LE CAP. M. — Qu’est-ce qu’il te prend, Gaddy, de gâter ainsi la matinée d’un honnête homme ? (Apercevant GADSBY JUNIOR.) Ma parole, ce poulain-là se devient à merveille ? Un bon appoint d’os, là, sous le genou.

LE CAP. G. — Oui, c’est un petit gredin plein de santé. Ne crois-tu pas que les cheveux lui poussent ?

M. — Jetons un coup d’œil. Hi ! Hst ! Ici, général Luck, que nous fassions notre rapport sur vous.

MRS. G. (dans l’intérieur). — De quel nom absurde le baptiserez-vous encore la prochaine fois ? Pourquoi l’appelez-vous comme cela ?

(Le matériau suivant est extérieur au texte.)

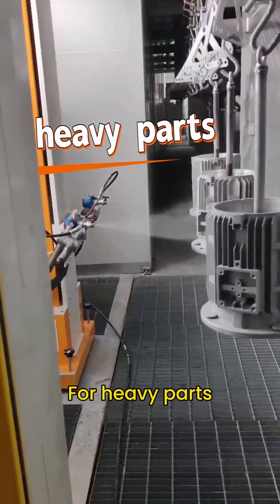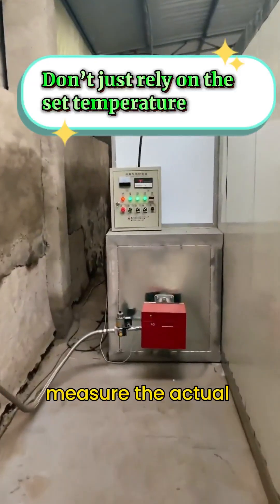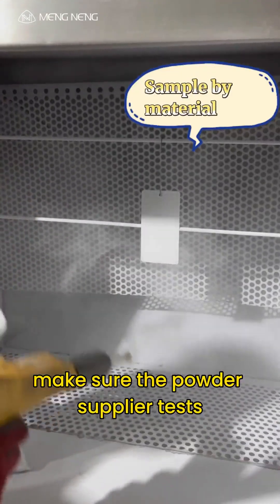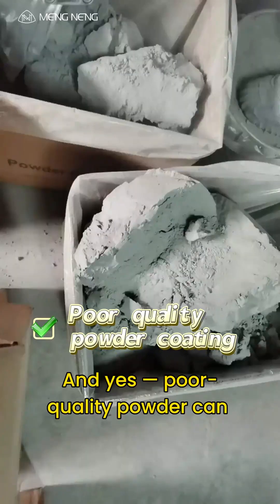Second, the curing might not be done properly. For heavy parts, don't just trust the oven set temperature — measure the actual part temperature too. Third, if your part is galvanized, make sure the powder supplier tests and matches the formula for that substrate.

M. — N’est-ce pas notre inspecteur général de cavalerie ? Ne s’en vient-il pas dans sa voiture, haute comme cela, tous les matins où les Hussards Roses font la manœuvre ? Ne gigotez pas, brigadier. Donnez-nous votre opinion personnelle sur la façon dont le troisième escadron a défilé. Un brin décousus, n’est-ce pas ?

G. — Tout ce que je désire, c’est de ne jamais revoir un tas de bouifs pareils aux derniers bleus. Ils m’ont fourni plus que ma belle part… en mettant la pagaille dans mon escadron. C’est à faire vomir !

M. — Quand vous aurez un commandement, vous tâcherez de faire mieux, jeune homme. Commence-t-on à marcher ? Tenez-vous à mon doigt pour essayer. (A G.) Cela ne peut lui faire mal aux boulets, n’est-ce pas ?

G. — Oh ! que non. Ne le laisse pas retomber, cependant, sans quoi il va t’enlever tout le cirage de tes bottes avec sa langue.

MRS. G. (dans l’intérieur). — Qui est-ce qui déblatère contre mon fils ?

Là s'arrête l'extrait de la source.